[[ The data open ]]

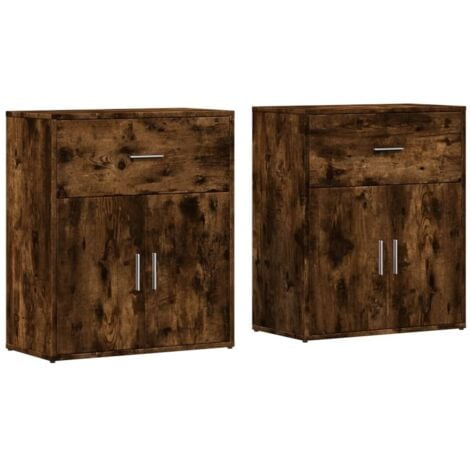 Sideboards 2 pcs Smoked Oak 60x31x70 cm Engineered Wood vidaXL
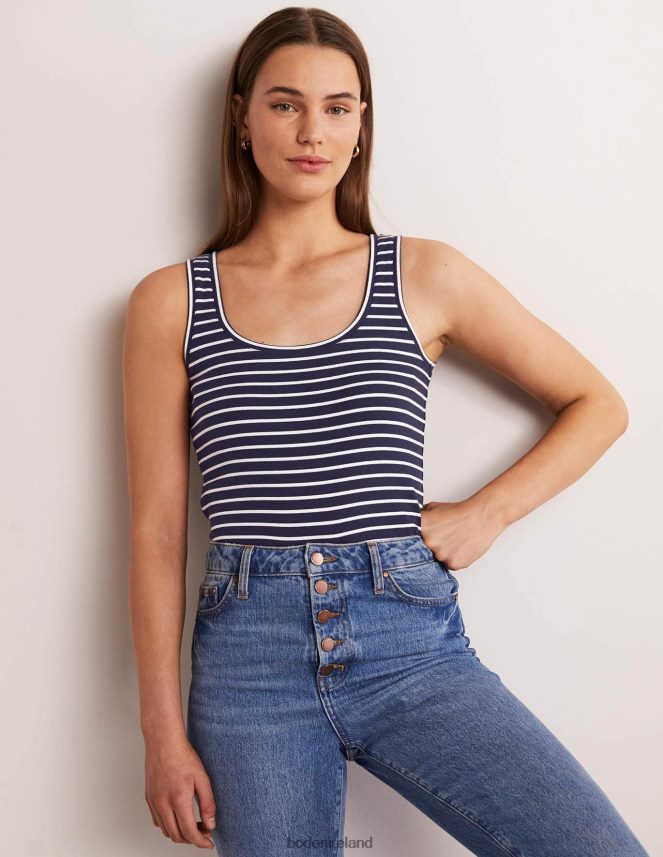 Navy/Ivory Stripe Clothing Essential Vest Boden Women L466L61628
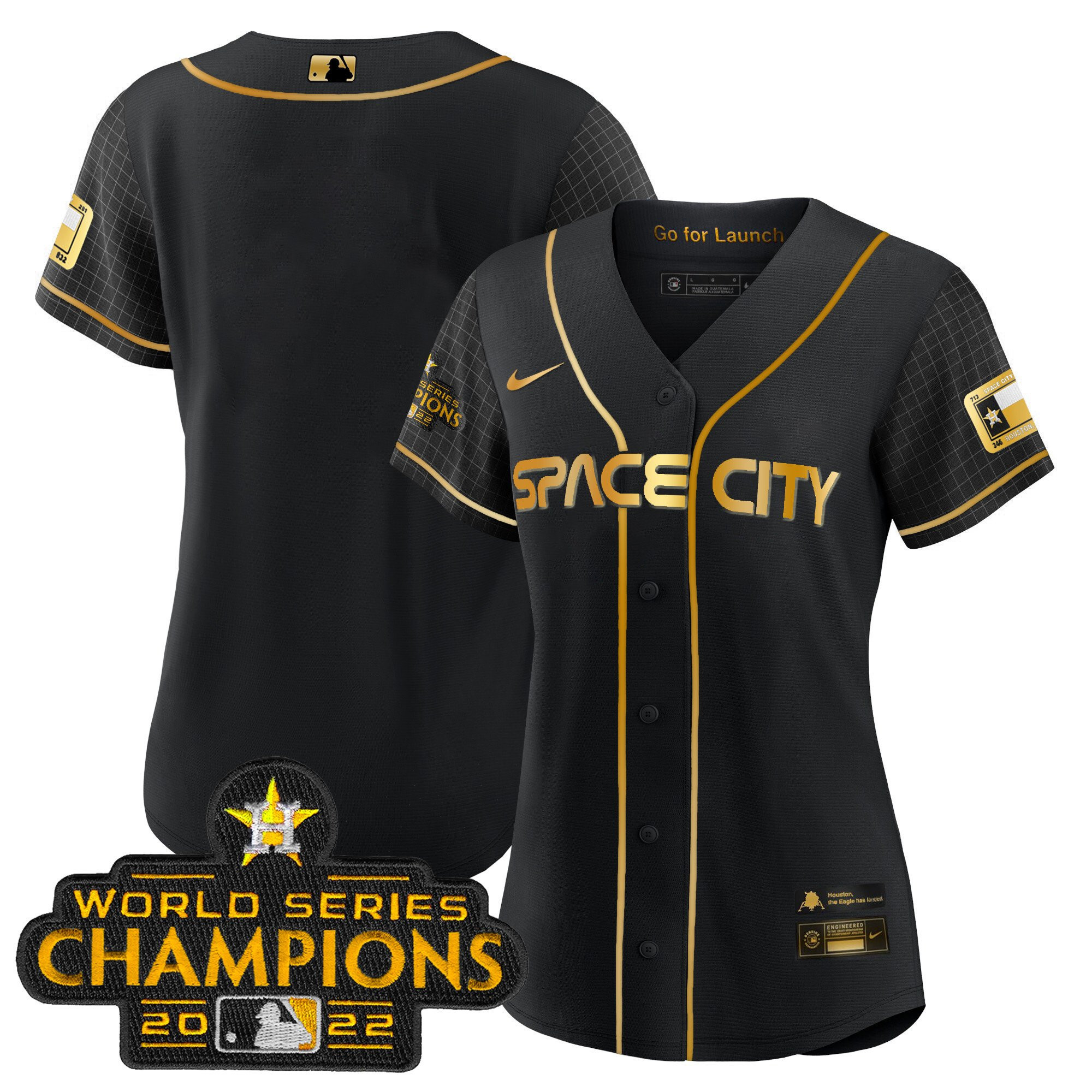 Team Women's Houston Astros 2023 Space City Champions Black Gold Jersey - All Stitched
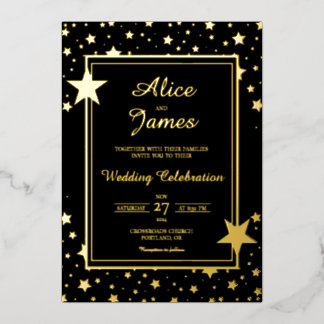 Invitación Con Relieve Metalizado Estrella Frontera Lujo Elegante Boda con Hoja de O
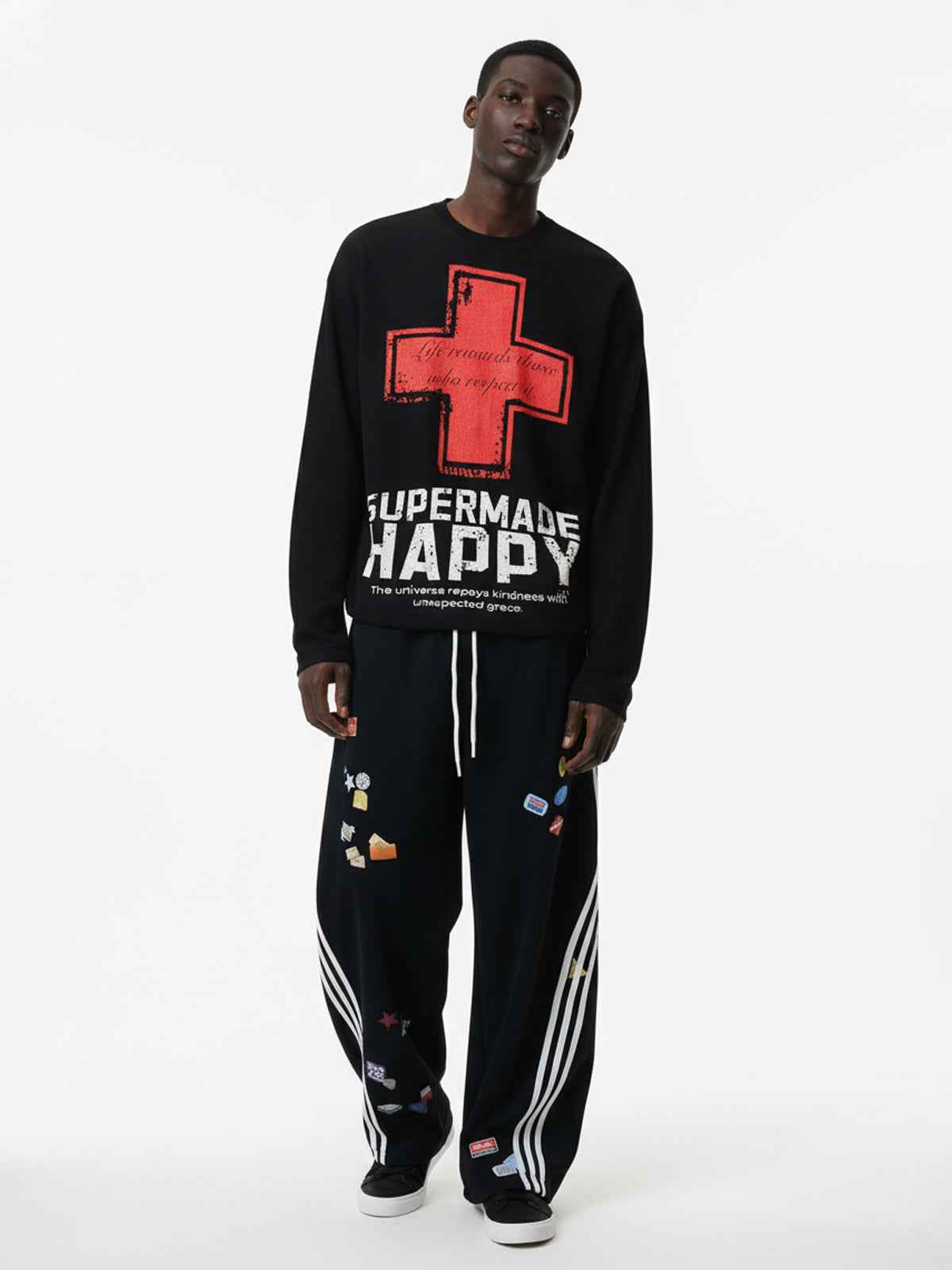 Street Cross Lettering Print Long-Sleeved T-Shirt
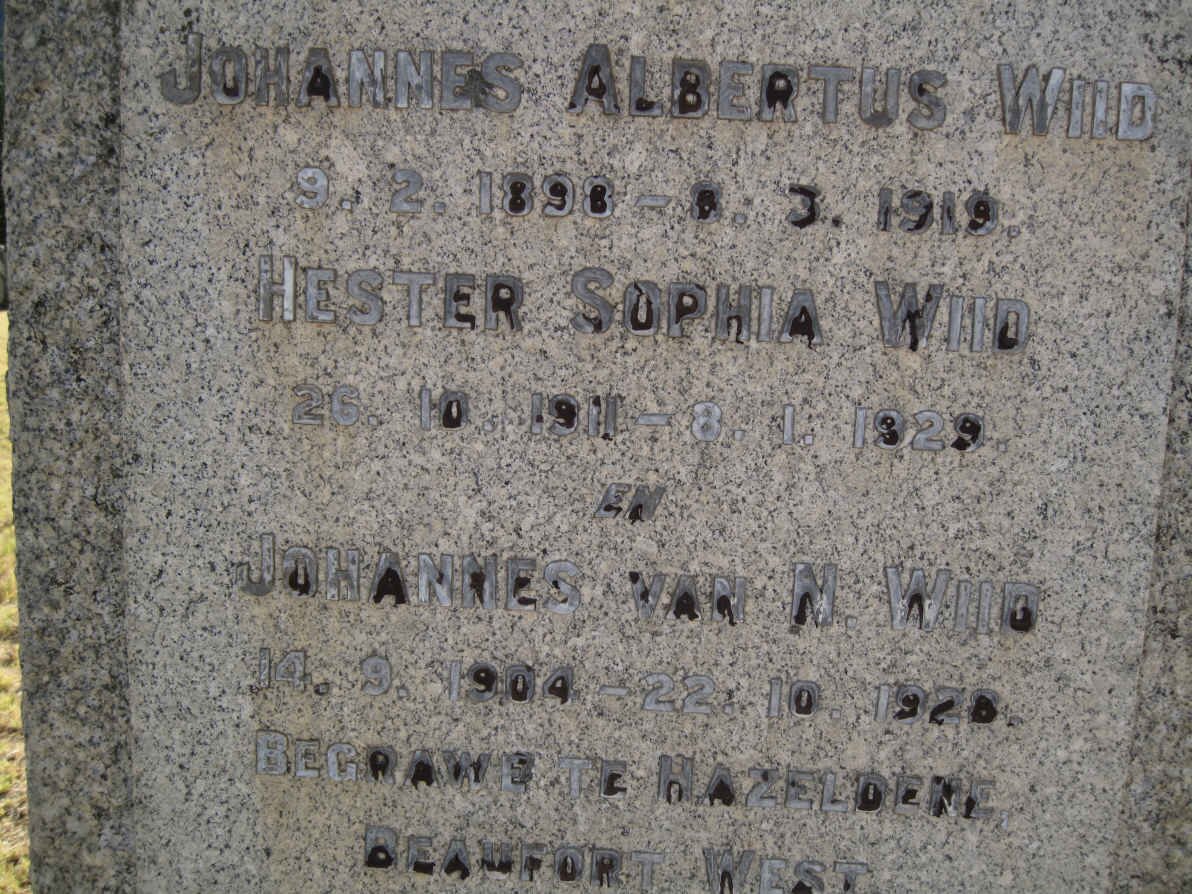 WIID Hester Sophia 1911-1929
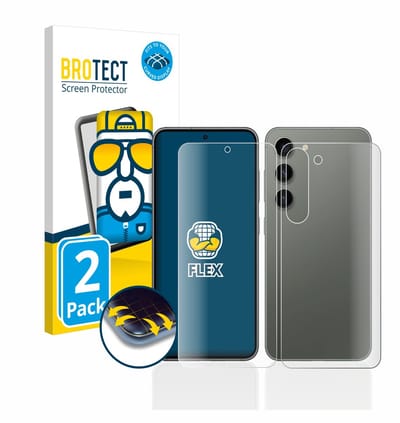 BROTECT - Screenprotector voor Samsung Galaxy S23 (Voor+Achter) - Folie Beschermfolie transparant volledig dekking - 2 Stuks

[[ The data closed ]]

Exercise aim »
Print all entries exactly. The images do not belong in the copy.

Result for this task »
 Sideboards 2 pcs Smoked Oak 60x31x70 cm Engineered Wood vidaXL
 Navy/Ivory Stripe Clothing Essential Vest Boden Women L466L61628
 Team Women's Houston Astros 2023 Space City Champions Black Gold Jersey - All Stitched
 Invitación Con Relieve Metalizado Estrella Frontera Lujo Elegante Boda con Hoja de O
 Street Cross Lettering Print Long-Sleeved T-Shirt
 WIID Hester Sophia 1911-1929
 BROTECT - Screenprotector voor Samsung Galaxy S23 (Voor+Achter) - Folie Beschermfolie transparant volledig dekking - 2 Stuks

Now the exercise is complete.